The reply should consist of every entry, repeated exactly.

· · · · · · ·

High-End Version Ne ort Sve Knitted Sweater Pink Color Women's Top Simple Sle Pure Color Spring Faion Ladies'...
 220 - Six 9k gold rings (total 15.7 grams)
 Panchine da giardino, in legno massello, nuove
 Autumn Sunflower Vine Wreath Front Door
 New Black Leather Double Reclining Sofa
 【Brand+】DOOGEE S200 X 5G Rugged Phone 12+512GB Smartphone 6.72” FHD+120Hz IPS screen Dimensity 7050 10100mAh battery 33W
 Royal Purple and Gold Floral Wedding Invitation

· · · · · · ·

#### The completed task:
High-End Version Ne ort Sve Knitted Sweater Pink Color Women's Top Simple Sle Pure Color Spring Faion Ladies'...
 220 - Six 9k gold rings (total 15.7 grams)
 Panchine da giardino, in legno massello, nuove
 Autumn Sunflower Vine Wreath Front Door
 New Black Leather Double Reclining Sofa
 【Brand+】DOOGEE S200 X 5G Rugged Phone 12+512GB Smartphone 6.72” FHD+120Hz IPS screen Dimensity 7050 10100mAh battery 33W
 Royal Purple and Gold Floral Wedding Invitation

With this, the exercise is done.